** Record extracts follows **

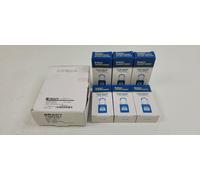 ( Q.Tà 6 ) Blocco Fuori Etichetta Brady Personalizzato Sicurezza Lucchetto 1.5 "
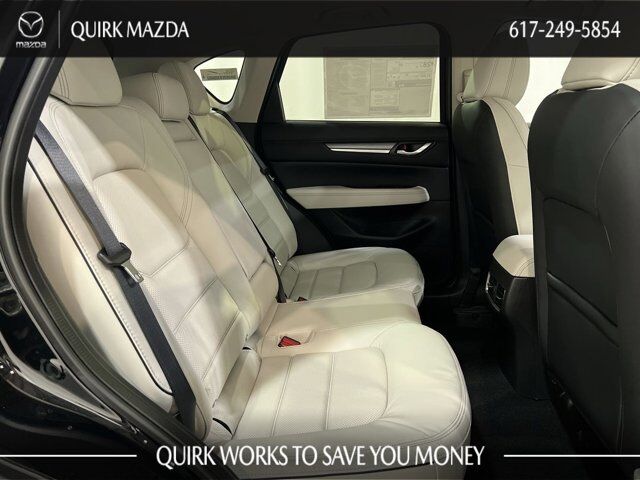 2025 Mazda CX-5 2.5 S Premium Plus Package Quincy MA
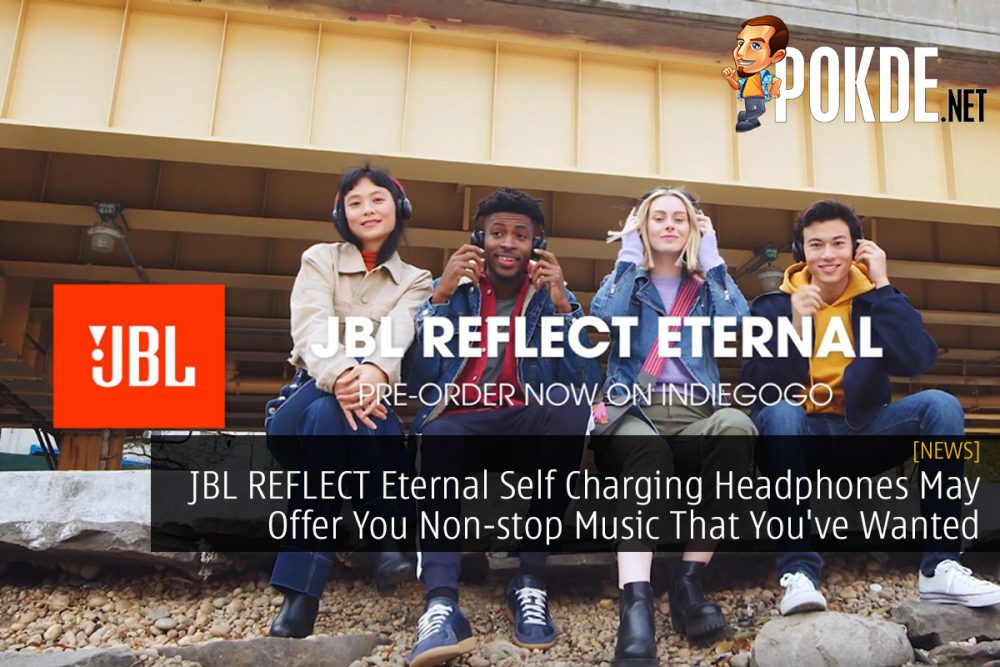 JBL REFLECT Eternal Self Charging Headphones May Offer You Non-stop Music That You've Wanted 31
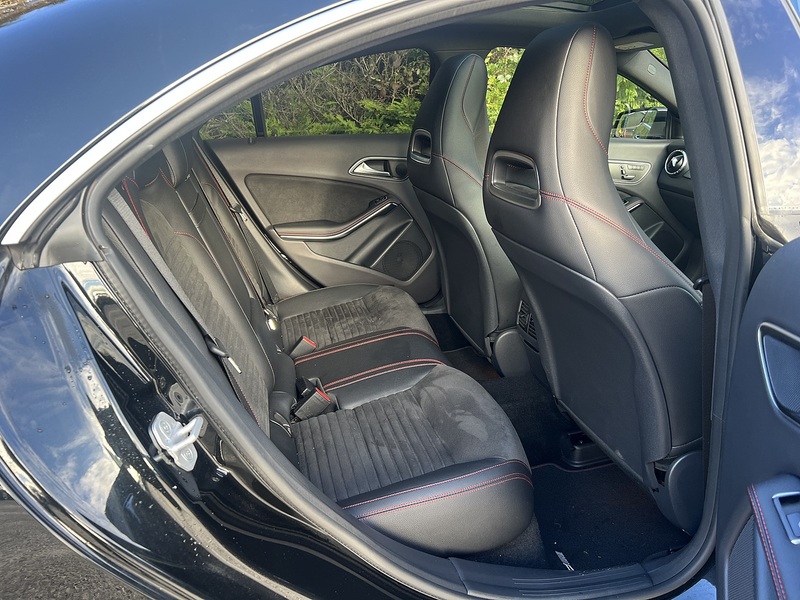 Mercedes-Benz Cla Cla 250 Amg Line - U11792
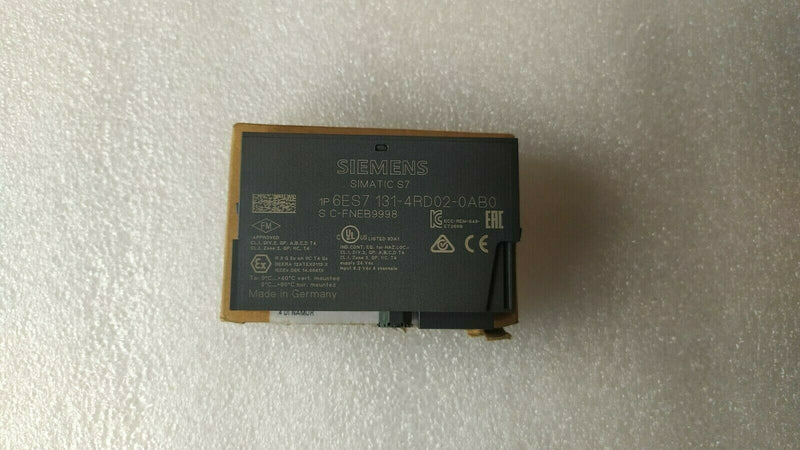 SIEMENS 6es7131-4rd02-0ab0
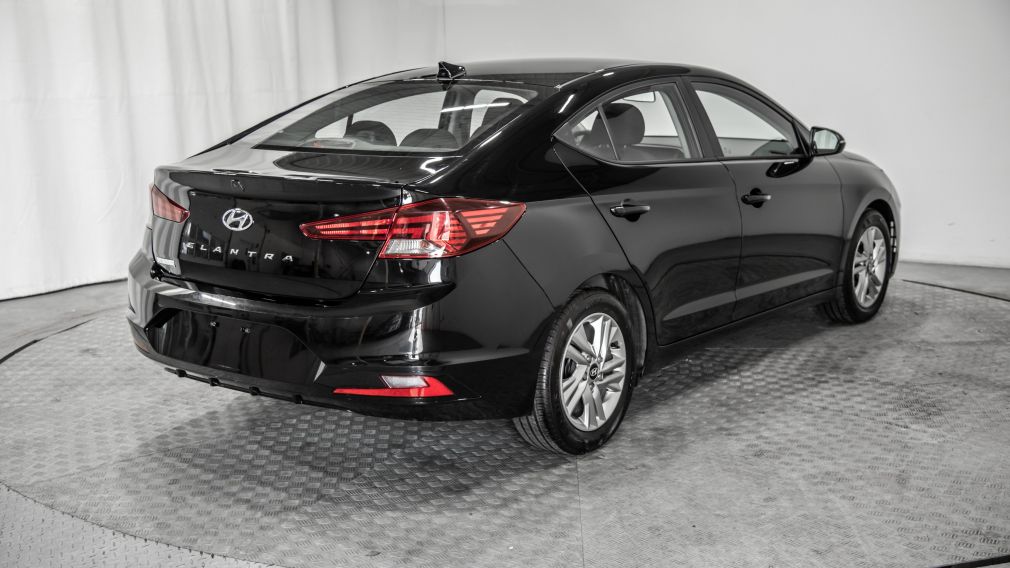 2019 Hyundai Elantra Preferred GROUPE ELECTRIQUE BLUETOOTH CAMÉRA BANCS #6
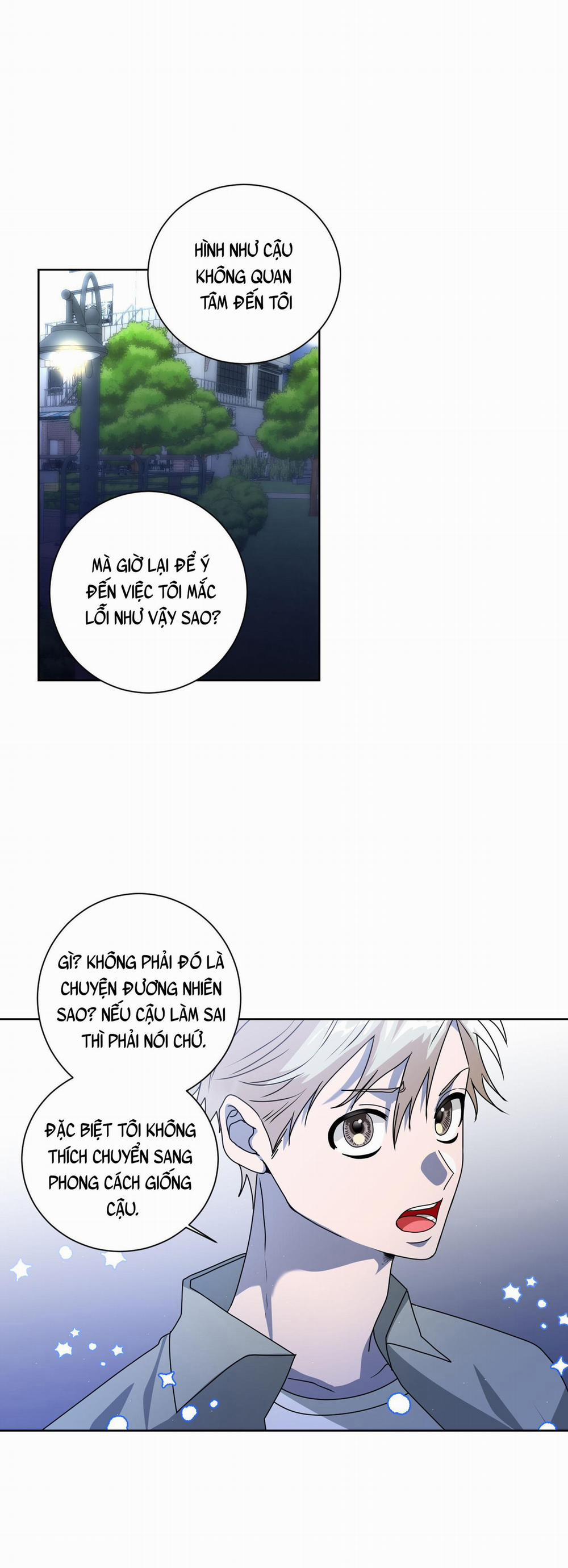 ĐÂY LÀ ĐỊNH MỆNH NHƯ TRONG LỜI ĐỒN SAO!? 13 trang 25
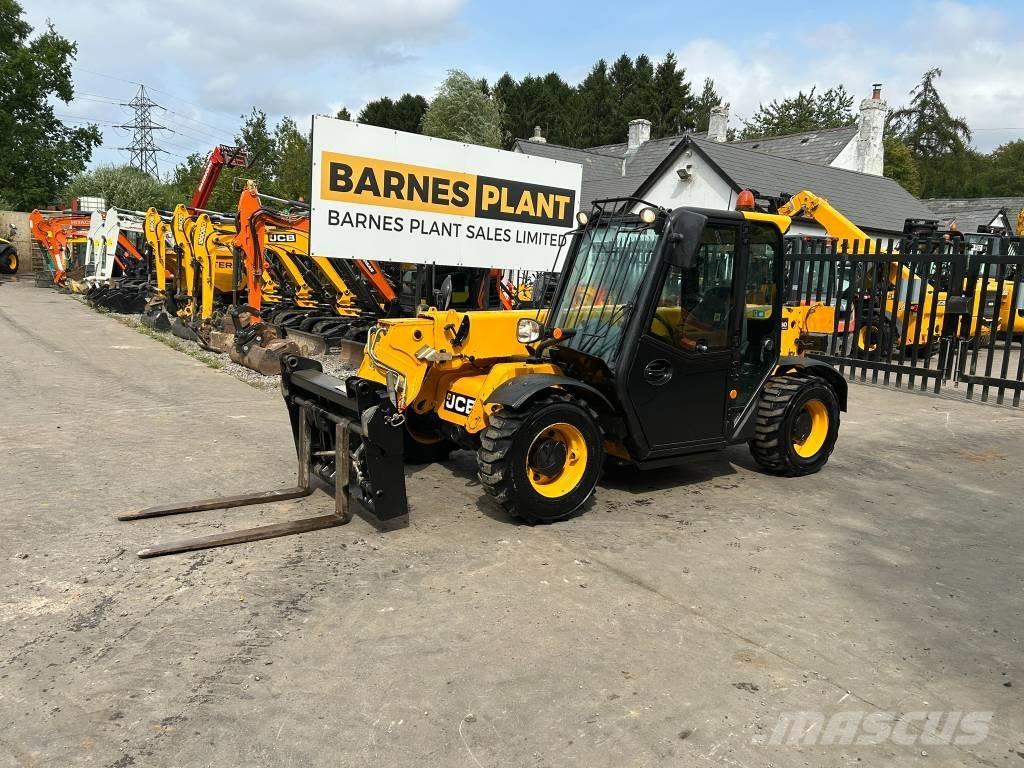 JCB 525-60 Teleskoplastare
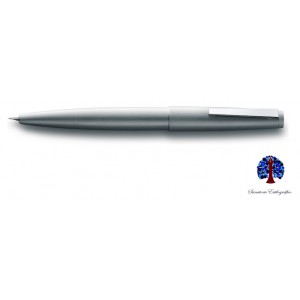 LAMY 2000 Brushed Steel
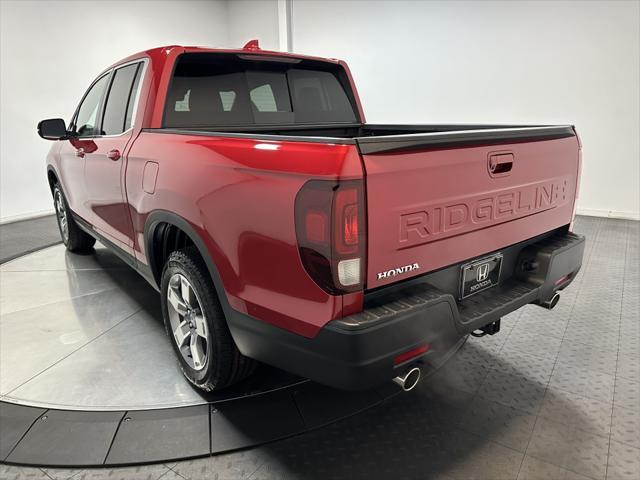 new 2025 Honda Ridgeline car, priced at $45,330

** End of Record extracts **

Leaving images out, please output every line of the data exactly.

→ **Response area**
 ( Q.Tà 6 ) Blocco Fuori Etichetta Brady Personalizzato Sicurezza Lucchetto 1.5 "
 2025 Mazda CX-5 2.5 S Premium Plus Package Quincy MA
 JBL REFLECT Eternal Self Charging Headphones May Offer You Non-stop Music That You've Wanted 31
 Mercedes-Benz Cla Cla 250 Amg Line - U11792
 SIEMENS 6es7131-4rd02-0ab0
 2019 Hyundai Elantra Preferred GROUPE ELECTRIQUE BLUETOOTH CAMÉRA BANCS #6
 ĐÂY LÀ ĐỊNH MỆNH NHƯ TRONG LỜI ĐỒN SAO!? 13 trang 25
 JCB 525-60 Teleskoplastare
 LAMY 2000 Brushed Steel
 new 2025 Honda Ridgeline car, priced at $45,330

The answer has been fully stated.